This post duplicates my Quora answer. The question is regarding distribution assumptions necessary to obtain constant time access to a hash table. Feel free to vote and comment there.

In the ideal world, you would assume that there is a distribution of keys and this would allow you to analyze an average case behavior. However, in the real world, this is extremely hard to do for two reasons: (1) it's not clear which distribution to use, (2) your math will be crazy complex if doable at all.

So, as Daniel Tunkelang noted, we make a Simple Uniform Hashing Assumption (SUHA) and blindly assume that things are going to be alright: That is, the keys will be miraculously distributed evenly among buckets. This is not the only simplifying assumption about hash functions, there are several others. For example, in the analysis of locality sensitive hashing, we assume that a hash function is randomly and independently reselected for each pair of data points (see my notes here: Does Locality Sensitive Hashing (LSH) analysis have a fatal flaw?)

Note, however, that the SUHA assumption doesn't allow you to tell anything about the worst case complexity (as noted by Mark Gritter). It allows you to establish an average-case complexity (guarantee). If you want to optimize for the worst case, you may opt to use a perfect hash function. For a prespecified set of values (from a static universe of possible hash keys), the perfect hash function always hashes different elements into different buckets. In other words, the perfect hash function is collision-free.

One catch here is that the hash function is not specified for keys outside a given domain. For example, you can hash perfectly integers from 0 to 1000, but you won't know how to deal with 1001. A Cuckoo hashing doesn't have this limitation, while still allowing to answer queries in O(1) worst case time.

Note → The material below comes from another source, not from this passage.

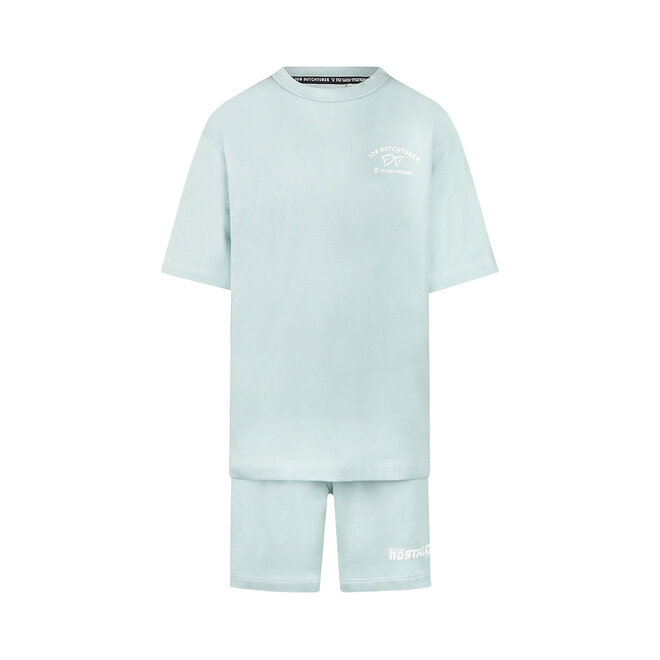 No Way Monday X JOB Dutchtuber set gray-blue Nostalgia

Sounds good, eehh? Well, actually both the cuckoo and perfect hashing share a common disadvantage: indexing is a much more expensive procedure compared to the classic hashing scheme. AFAIK, there are only probabilistic guarantees of a success. In practice, I think it is very unlikely that you won't be able to create a hash table, but it may take you quite a while to do so.

Obviously, there are better and worse hash functions. With better hash functions, keys are distributed among buckets more or less uniformly. This is not necessarily true if your hash function is bad. In his famous book, Donald Knuth considers hash function testing in detail. Are bad functions completely useless? In my experience, this is not necessarily so (but better hash functions do lead to substantially better performance).

While even bad hash functions may be ok for many practical purposes, an adversarial selection of keys and their insertion order may cause a real performance problem. For many hash functions, a hacker who knows your hash function may select such a sequence of keys that would result in a nearly O(N) insertion time (N is the number of entries).

One solution to this problem (not yet adopted in all the mainstream languages) is randomized hashing: One may use the same hash function, but some hashing parameter will be selected randomly for each hash table that you create in your program (see, e.g., Use random hashing if you care about security? )